TASK GOAL |
All records below are to be duplicated exactly, with every picture excluded.

↓

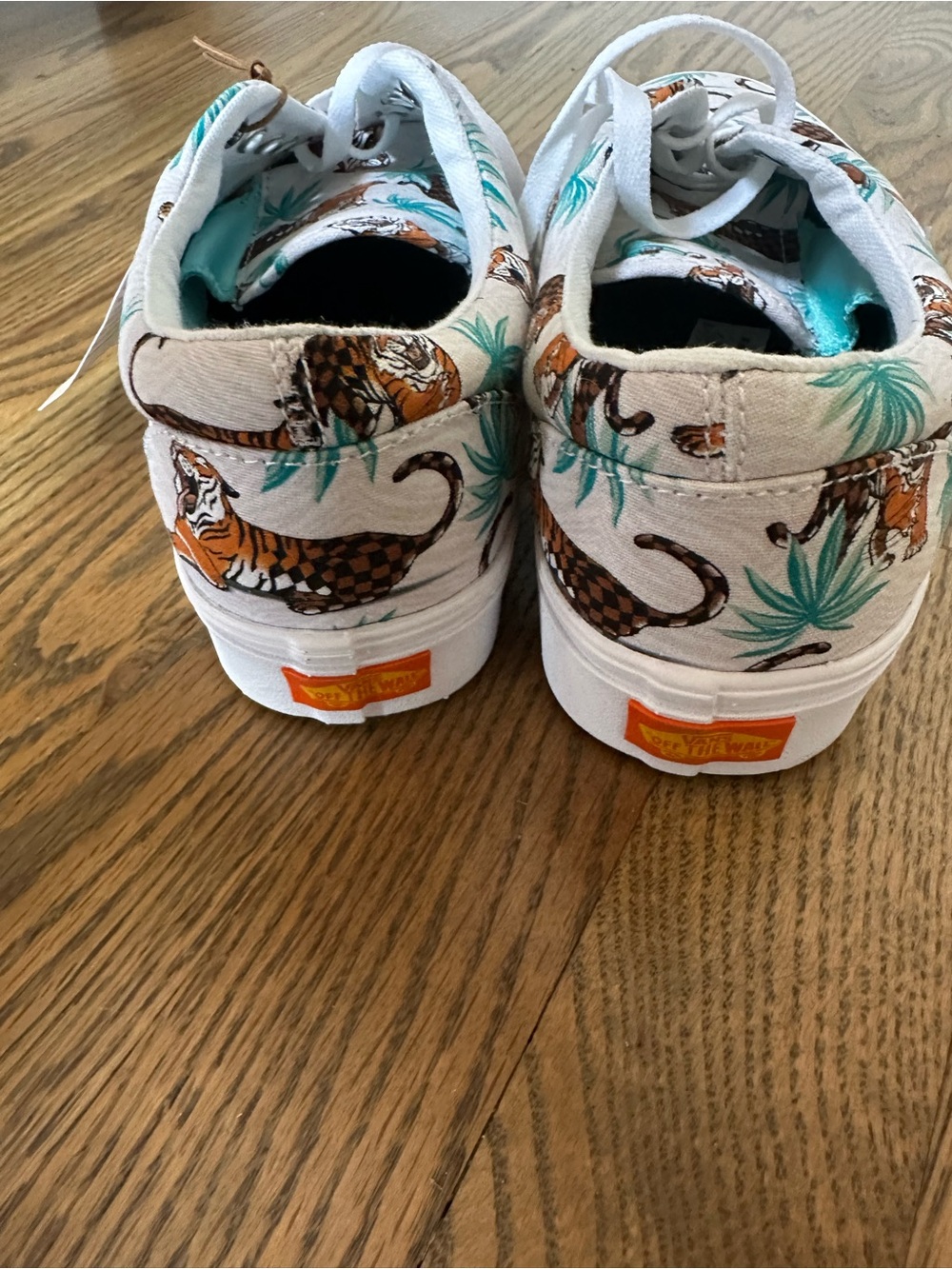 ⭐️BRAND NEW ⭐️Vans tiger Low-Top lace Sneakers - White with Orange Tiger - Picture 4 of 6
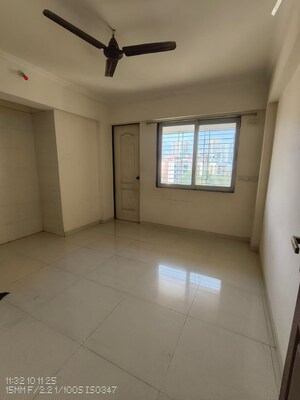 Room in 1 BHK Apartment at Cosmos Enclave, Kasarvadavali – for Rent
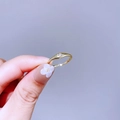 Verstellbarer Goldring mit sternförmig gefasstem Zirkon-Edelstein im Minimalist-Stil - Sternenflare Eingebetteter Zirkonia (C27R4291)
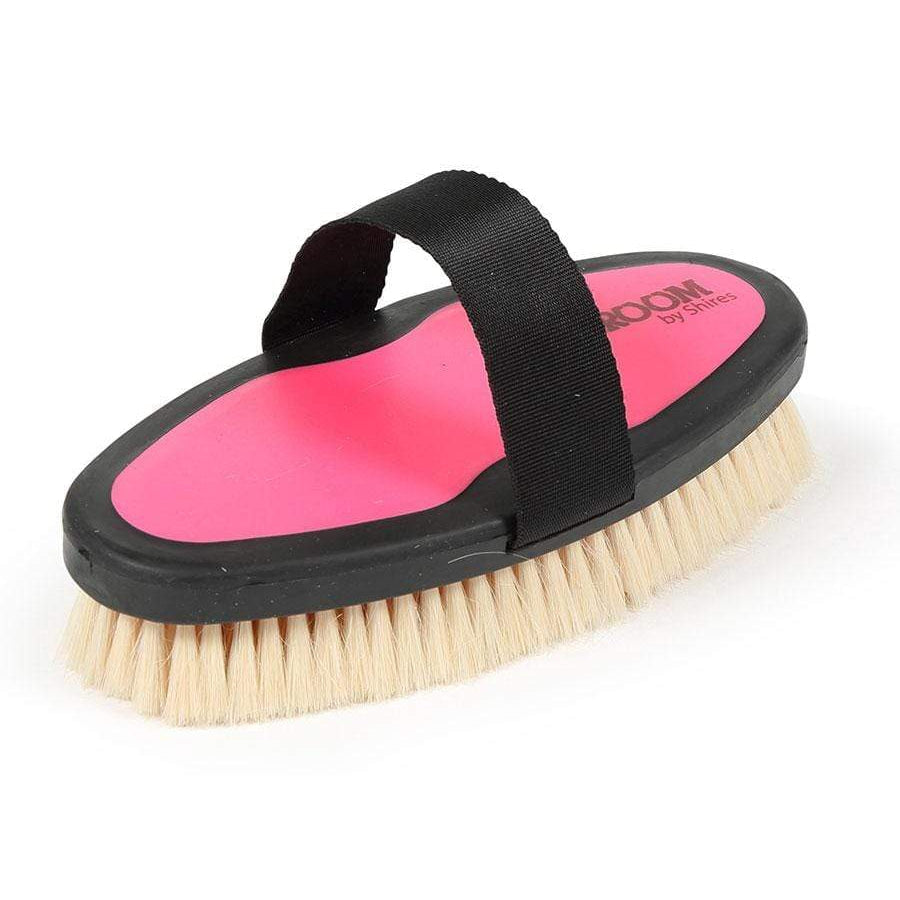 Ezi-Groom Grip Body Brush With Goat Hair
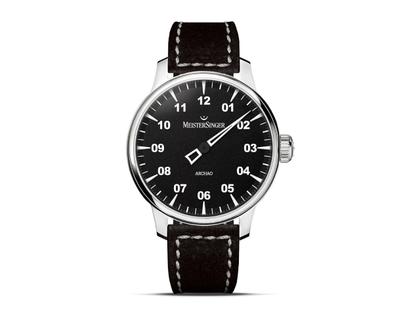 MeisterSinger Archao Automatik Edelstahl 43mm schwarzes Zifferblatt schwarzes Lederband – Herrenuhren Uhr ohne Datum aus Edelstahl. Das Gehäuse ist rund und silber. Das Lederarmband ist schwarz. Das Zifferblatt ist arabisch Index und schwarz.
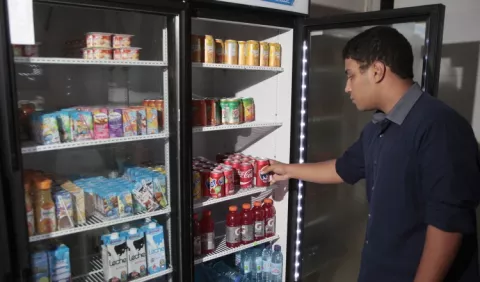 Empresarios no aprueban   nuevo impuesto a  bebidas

↑

RESULT OF THIS EXERCISE |
 ⭐️BRAND NEW ⭐️Vans tiger Low-Top lace Sneakers - White with Orange Tiger - Picture 4 of 6
 Room in 1 BHK Apartment at Cosmos Enclave, Kasarvadavali – for Rent
 Verstellbarer Goldring mit sternförmig gefasstem Zirkon-Edelstein im Minimalist-Stil - Sternenflare Eingebetteter Zirkonia (C27R4291)
 Ezi-Groom Grip Body Brush With Goat Hair
 MeisterSinger Archao Automatik Edelstahl 43mm schwarzes Zifferblatt schwarzes Lederband – Herrenuhren Uhr ohne Datum aus Edelstahl. Das Gehäuse ist rund und silber. Das Lederarmband ist schwarz. Das Zifferblatt ist arabisch Index und schwarz.
 Empresarios no aprueban   nuevo impuesto a  bebidas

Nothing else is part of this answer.